‘Exploring and integrating novel perspectives to our everyday through the eyes of fungi.’
Wasabii is a researcher within the Biobased Art and Design research group.
Wasabii is a design researcher and practitioner. She graduated with a First Class Honours BA in Textile Design at Chelsea College of Arts, London, and holds an MA in Information Experience Design from the Royal College of Art, London.
Her research proposes an alternative approach to design, in which the human body and its movements play a central role in how we engage with the world. Wasabii argues that human understanding about the world and interaction with it is not reducible to algorithms, but instead occurs through active participation of a user whose actions are not predictable through patterns. She details this argument with theoretical approaches which reposition the non-programmable user at the centre of a communication network.

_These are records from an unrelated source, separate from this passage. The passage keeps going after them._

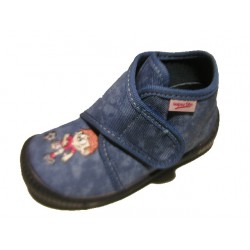 5-00253-87 water textil bully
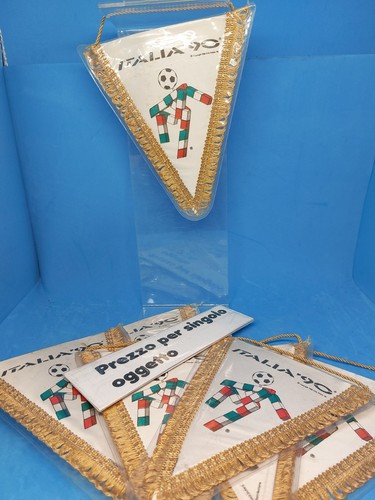 Gagliardetto italia vintage - italia,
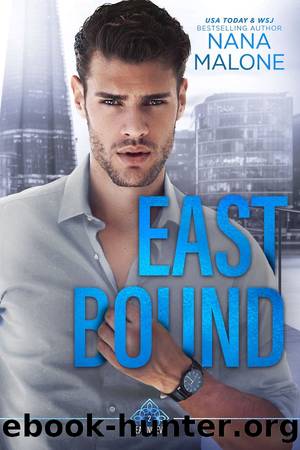 East Bound by Nana Malone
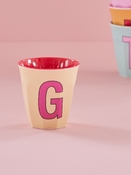 gobelet Letters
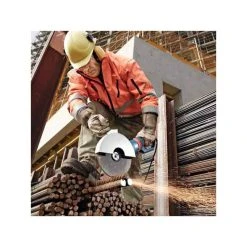 BOSCH Meuleuse 230 Mm 2600W En Carton - GWS26-230LVI - 0601895H04 -BESSEY shop bosch meuleuse 230 mm 2600w en carton gws26 230lvi 0601895h04 3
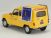 3976 Renault R4 F4 La Poste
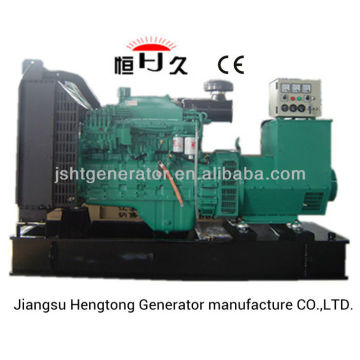 On Sale Paou Engine 360KW CE Diesel Generator Set (GF360)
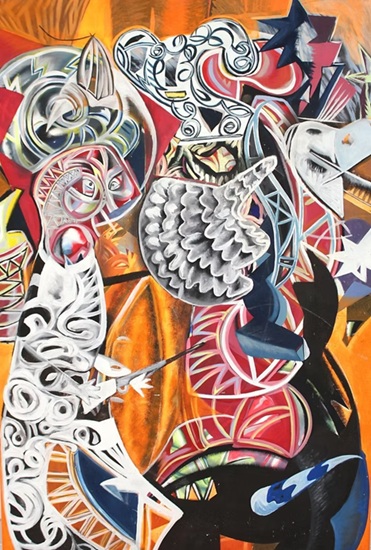 Petites nouvelles russes - Nous 35b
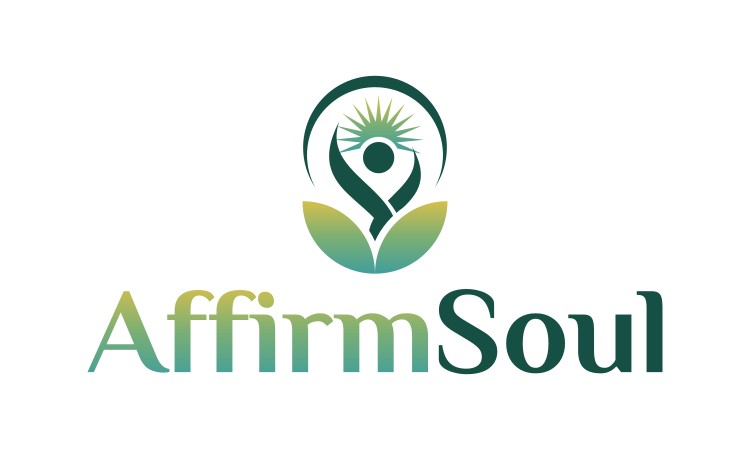 AffirmSoul logo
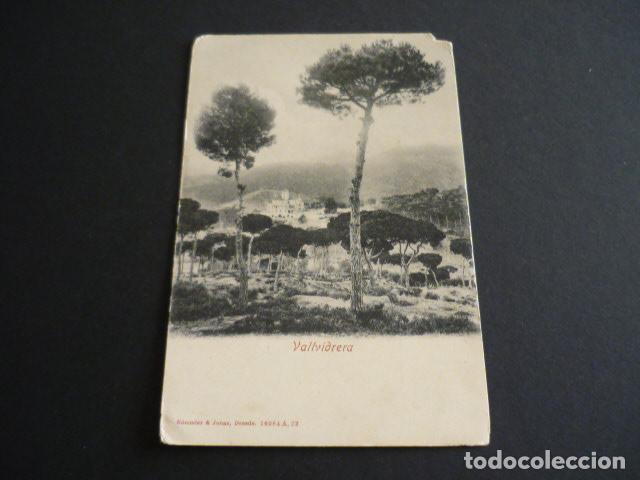 Postales: BARCELONA VALLVIDRERA - Foto 1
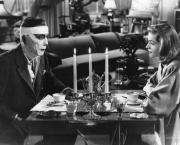 Les Passagers de la nuit (Dark Passage, Delmer Daves, 1947)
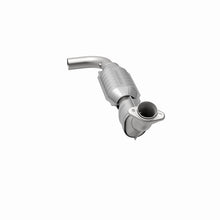 Load image into Gallery viewer, MagnaFlow Exhaust Products 93447 HM Grade Direct-Fit Catalytic Converter for Select Ford F-150, Ford F-150 Heritage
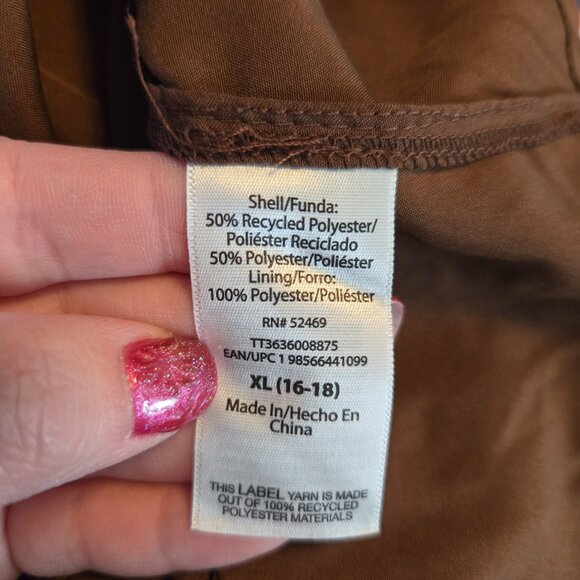 NWT Time and Tru Mini Dress - Picture 3 of 6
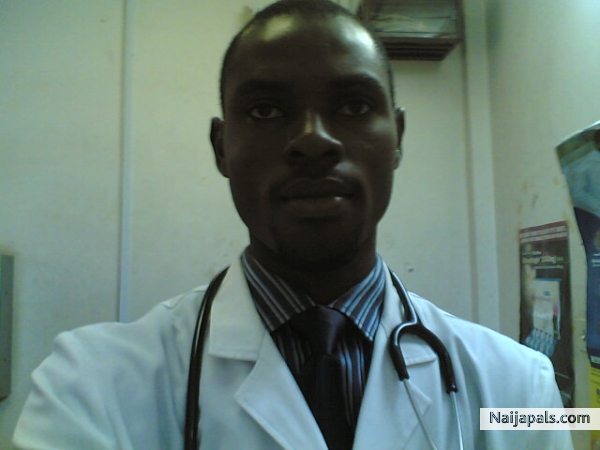 GOD BLESS NIGERIANS - click for next photo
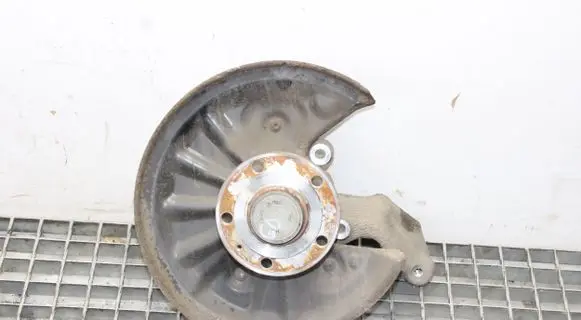 Skoda Superb B8 (3V) Rear wheel hub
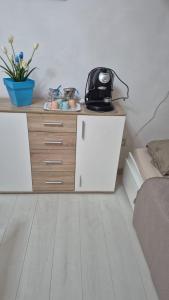 Η κουζίνα ή μικρή κουζίνα στο Mama sweet home +8 φωτογραφίες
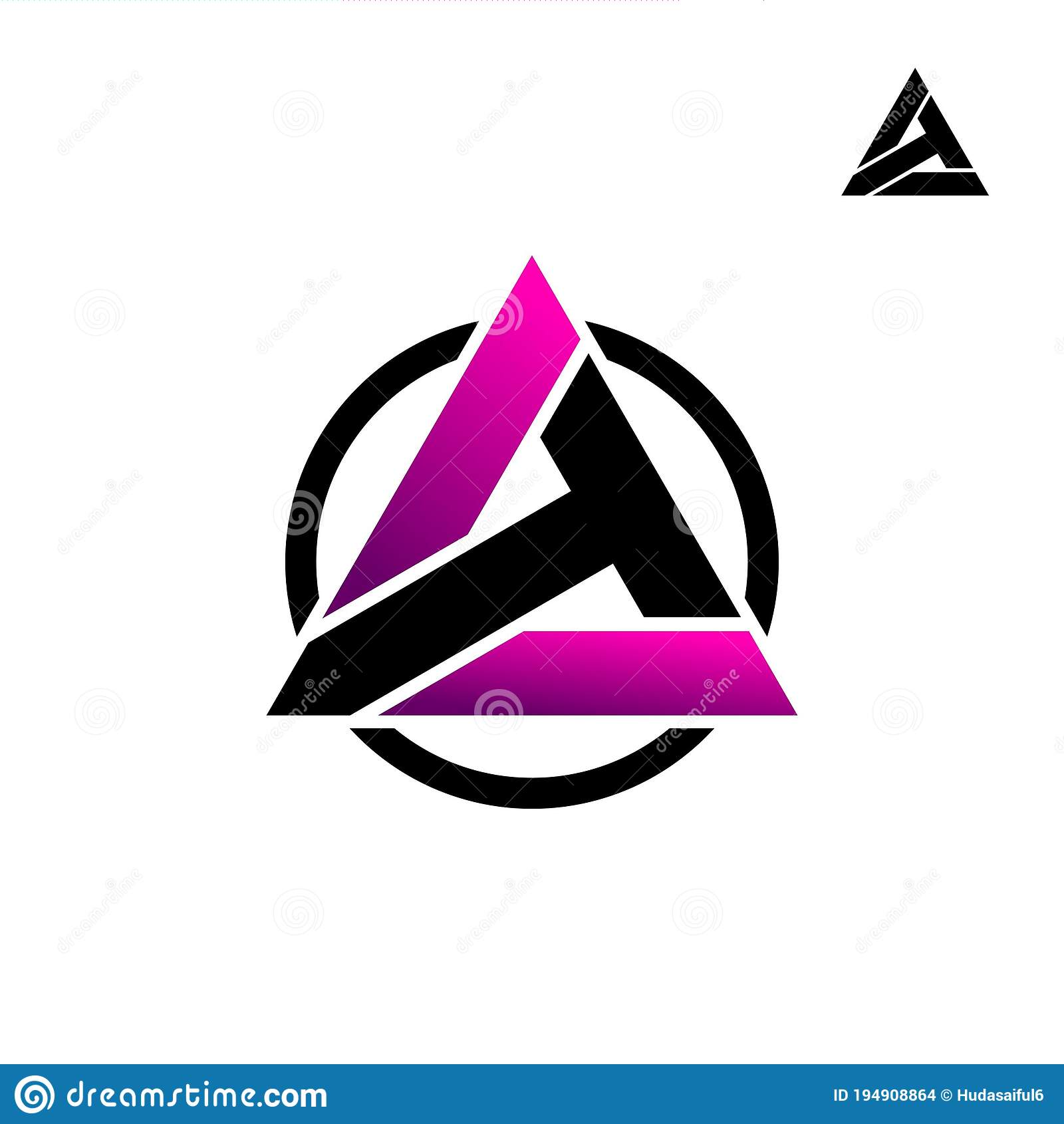 Detail Logo Keren Simple Nomer 30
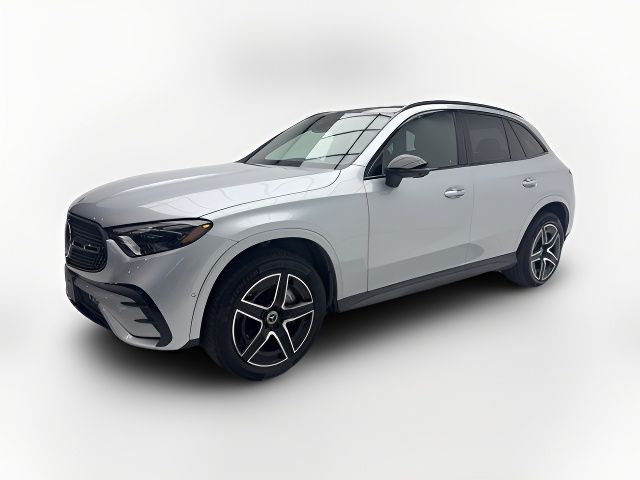 2023 Mercedes-Benz GLC 300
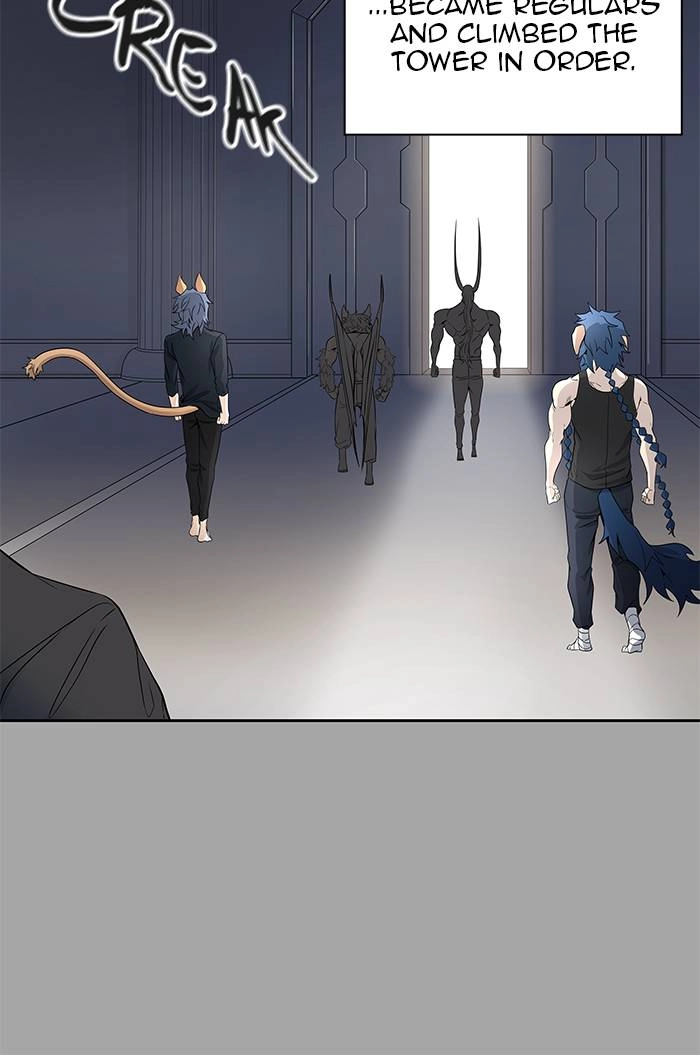 Tower of God Chapter 526, page 23 of 261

In her projects Wasabii materialises this approach through what she calls ‘objects in between’. They are objects without a predetermined use but acting as connectors within a larger network in which the agency of the user functions as a form of personal empowerment. Her work has been internationally exhibited and she runs workshops for educational purposes. More recently, she has been inducted into the field of biomaterials specialising in mycelium where she ran two projects Cuddly Fungi and Another bite of the cherry in the Material Incubator in Den Bosch.
Out Of Tune: Living With Cacophony
This research project investigates the visual, auditive, and tactile qualities of mycelium.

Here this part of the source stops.